Manaus é a 7ª cidade entre as 20 com pior acesso ao saneamento básico, de acordo com o Ranking Nacional do Saneamento, divulgado no dia 15 de julho deste ano pelo Instituto Trata Brasil. A entidade avaliou os cem municípios mais populosos do país com base nos dados de 2023 do Sistema Nacional de Informações em Saneamento Básico (Sinisa). Conforme o levantamento, a capital amazonense apresenta 97,98% de cobertura no abastecimento de água, mas apenas 28,46% da população está ligada à rede de coleta de esgoto, sendo que apenas 22,31% deste é tratado, e acumulação de perda de água é de 704,92 litros por ligação/dia.
Além disso, o investimento em saneamento básico em Manaus ficou abaixo do mínimo estimado pelo Plano Nacional de Saneamento Básico, que é de R$ 223,82 por habitante, como meta de alcance da universalização do acesso à água e ao esgoto até 2033. Entre 2019 e 2023, foi aplicado R$ 1,146 bilhão em saneamento básico em Manaus, o equivalente somente a R$ 111,13 por habitante ao ano. Na pesquisa, o Instituto destacou que os municípios das regiões Norte e Nordeste ocupam as piores posições devido, em grande parte, ao baixo investimento. Para melhoraria do quadro, a entidade defende a ampliação da aplicação dos recursos e a priorização da eficiência na gestão e operação dos serviços.

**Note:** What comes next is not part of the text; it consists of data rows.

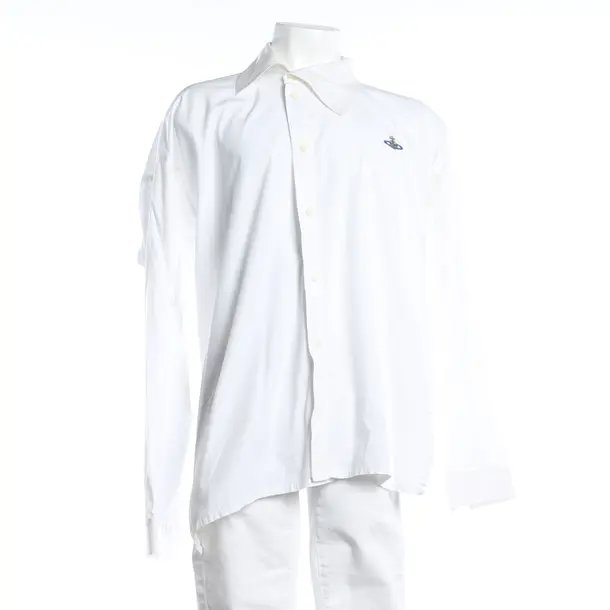 Shirt, in White, Cotton, Vivienne Westwood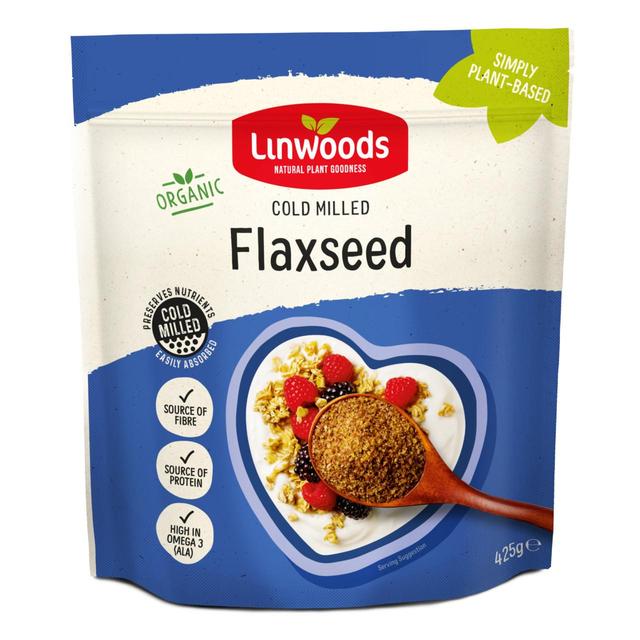 Linwoods Milled Organic Flaxseeds   425g GOODS M&S   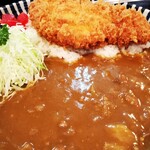 とんかつ 丸山 - カツカレー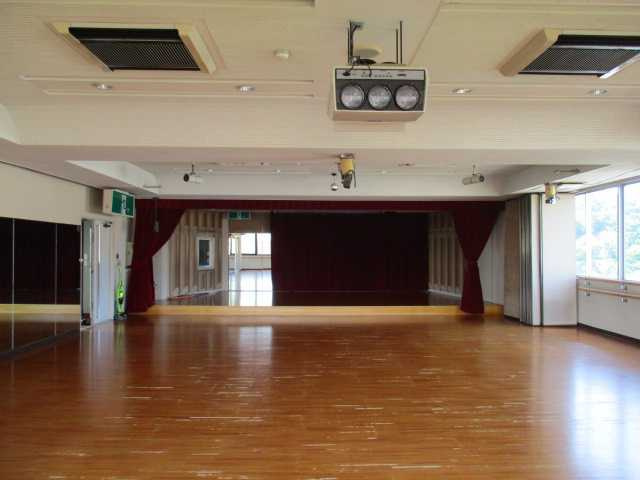 サンシャイン栄ビルの内装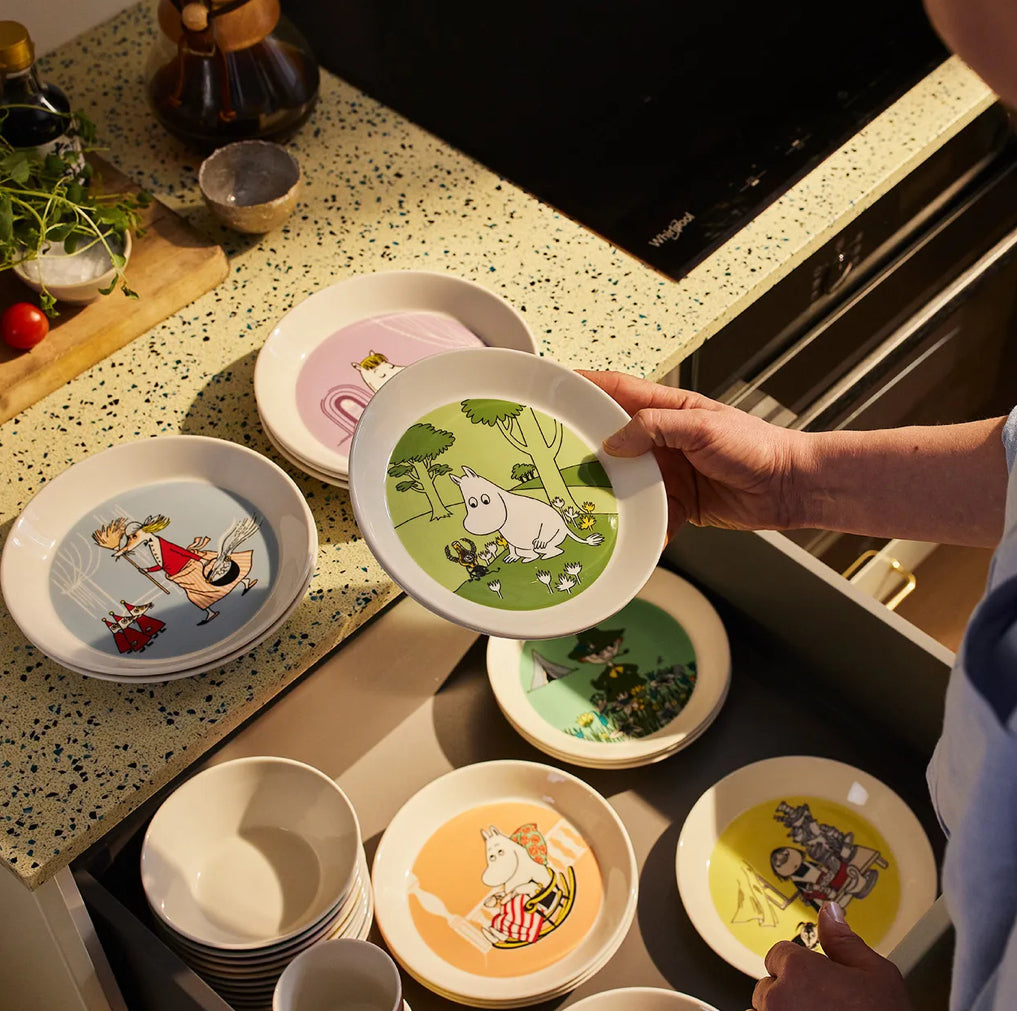 Moomintroll Plate
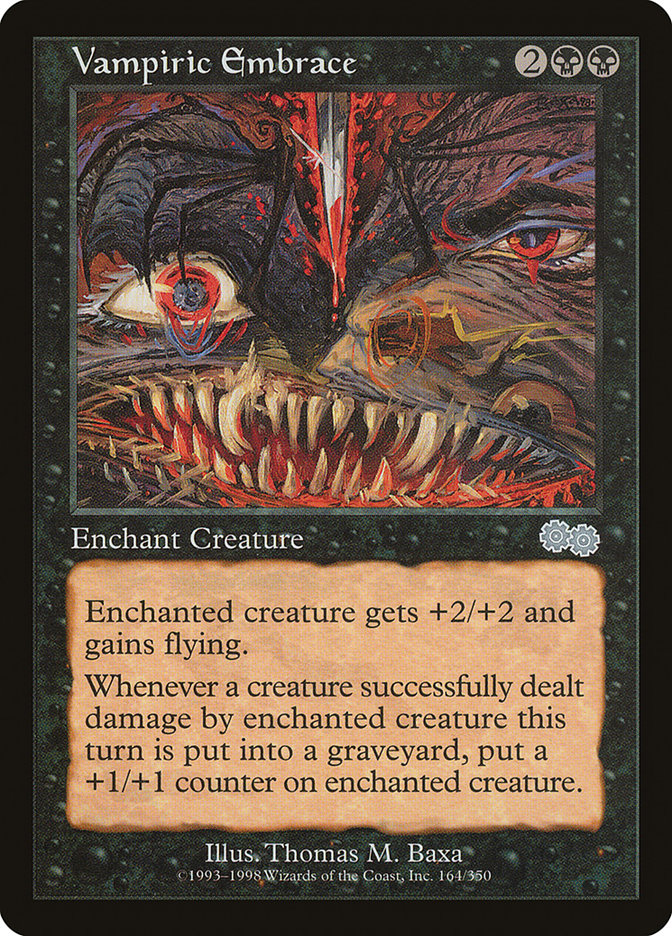 Vampiric Embrace [Urza's Saga] | The Gaming-Verse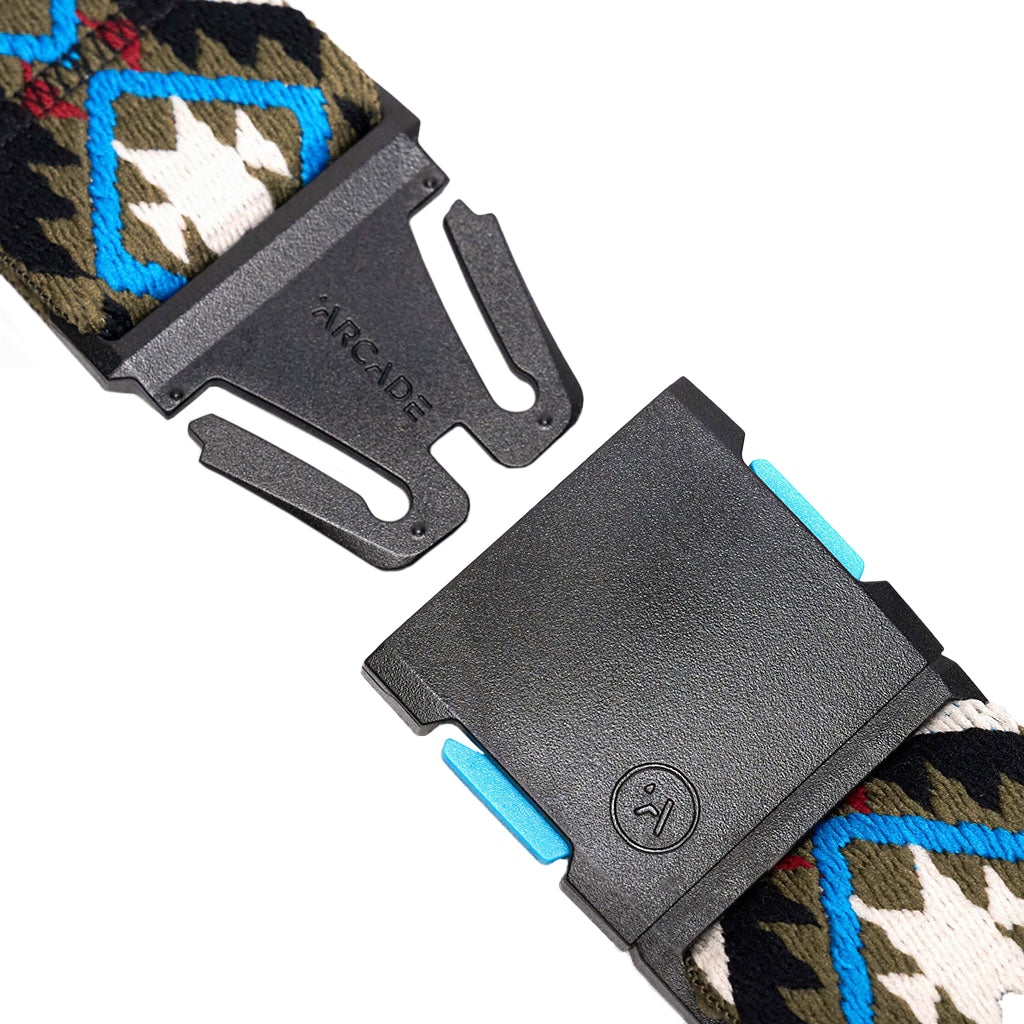 Twilight - Oat/Turquoise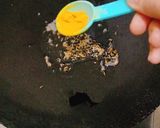 A picture of step 6 of Mirchi Masala.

Mulheres: as mais afetadas
A péssima qualidade da água, a falta dela nas torneiras e os valores exorbitantes na conta são problemas que recaem principalmente sobre as mulheres, ressaltou a professora da Ufam, Ivânia Vieira, que participou da mobilização. “São as mulheres que adoecem com o valor da fatura, os problemas e os preços com hidrômetros. Sentem-se extorquidas. Durante o ato algumas dessas mulheres, vindas de Santa Etelvina e do Mutirão, expuserem o transtorno a que estão submetidas”. As vozes dessas mulheres muitas vezes são silenciadas para impedir um posicionamento crítico e coletivo sobre a situação, segundo Ivânia Vieira. “Prevalece a condição de sofrimento e de desespero para acessar a água em condições de consumo. Quanto ao saneamento, o quadro atual revela o pacto de acomodação que sustenta uma das piores condições de Manaus”.
A docente fez ainda questão de levantar alguns questionamentos. “O que muda? O que fazem a justiça, o governo municipal e o Legislativo para tratar da questão com a responsabilidade que merece? Por que um problema de profunda gravidade é empurrado para baixo do tapete pelas autoridades públicas?”. Ivânia lembrou que, após 25 anos, relatórios com recomendações e prazos para adequação dos serviços foram esquecidos. “O sofrimento é real, o impacto da vida das mulheres é mais pesado e a pauta das privações e dos achaques de multidão de pobres não é pautada”.
O ato foi marcado pela entonação das palavras de ordem “água para a vida e não para a morte” e distribuição de panfleto intitulado “a privatização do saneamento é exploração, enganação e exclusão social”. No informativo constavam explicações sobre o que é saneamento, tarifa social e os objetivos do Fórum das Águas. Entre as bandeiras da entidade estão a remunicipalização dos serviços de água e esgoto; água encanada de qualidade; revitalização dos rios e igarapés; esgoto sanitário acessível e eficiente; coleta e descarte de resíduos sólidos adequados; reconhecimento jurídico dos direitos da natureza, e controle e participação social na gestão de saneamento da cidade.